> EXERCISE GOAL:
Retype the records below exactly as they appear, but leave out any pictures.

::::::

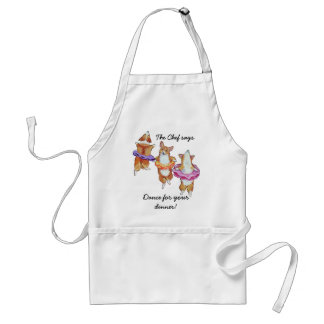 Pembroke Welsh Corgi Apron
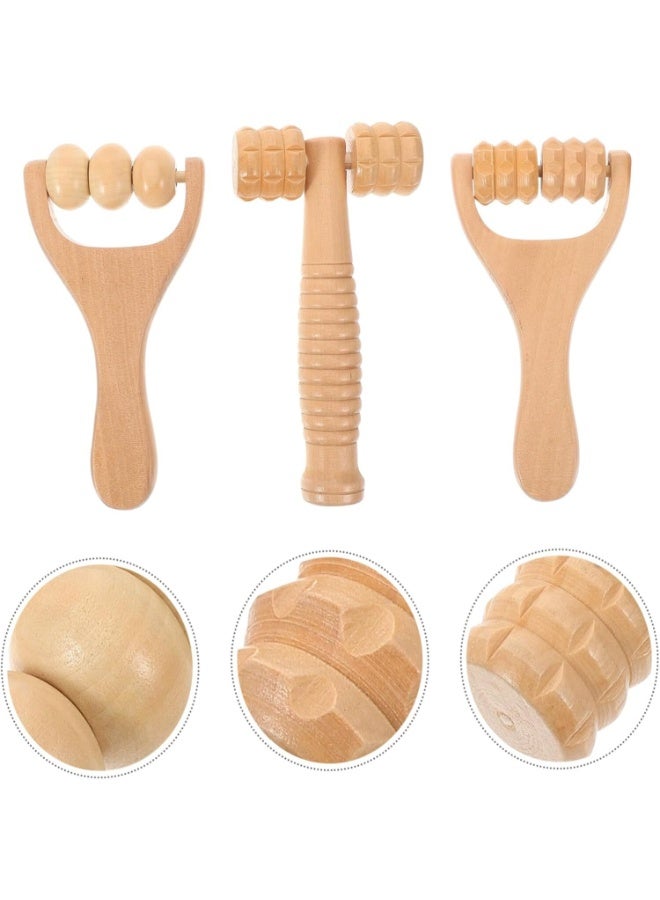 لينلي 3 قطع من مدلكة اليد الدوارة - Image 3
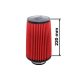 Simota Air Filter H:220mm DIA:80-89mm JAU-X02101-15 Red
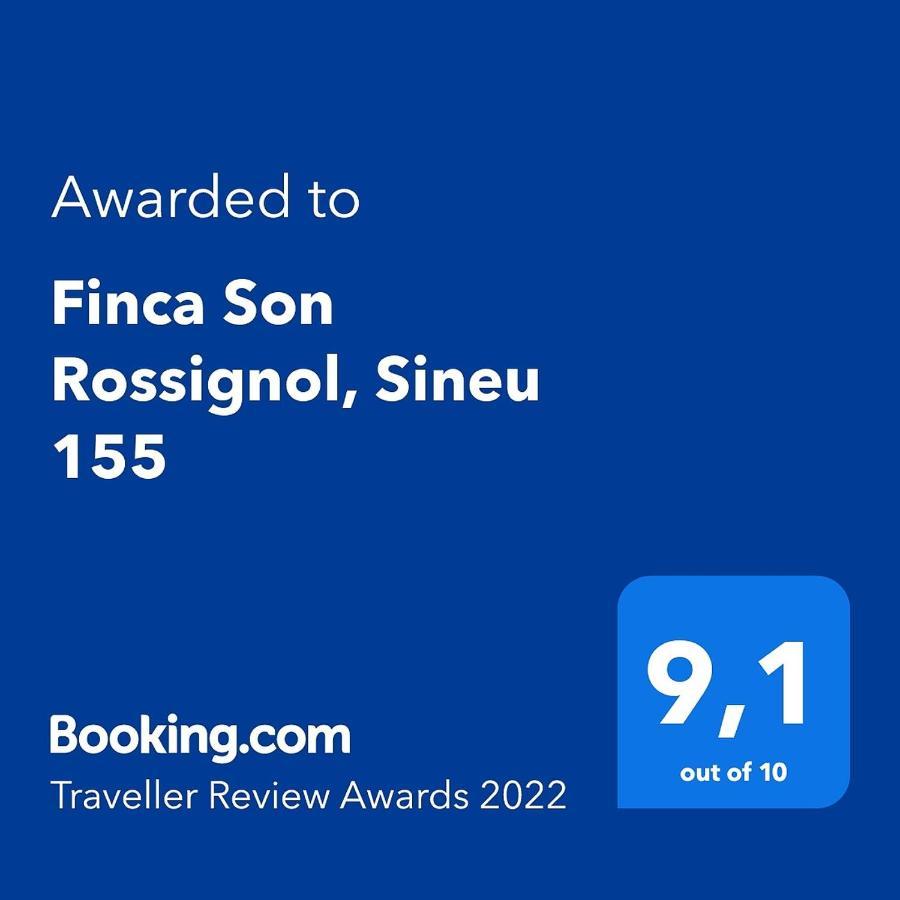 155 Finca Son Rossignol By Mallorca Charme Sineu  Extérieur photo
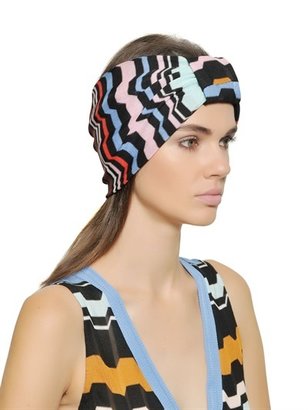 Missoni Viscose Knit Headband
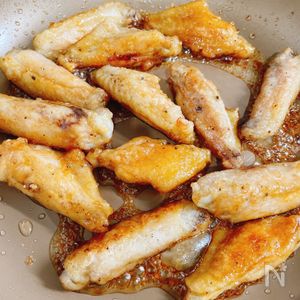 胃袋をつかむ！】手羽中の甘酢焼き | レシピサイトNadia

::::::

> YOUR RESPONSE:
 Pembroke Welsh Corgi Apron
 لينلي 3 قطع من مدلكة اليد الدوارة - Image 3
 Simota Air Filter H:220mm DIA:80-89mm JAU-X02101-15 Red
 155 Finca Son Rossignol By Mallorca Charme Sineu  Extérieur photo
 Missoni Viscose Knit Headband
 胃袋をつかむ！】手羽中の甘酢焼き | レシピサイトNadia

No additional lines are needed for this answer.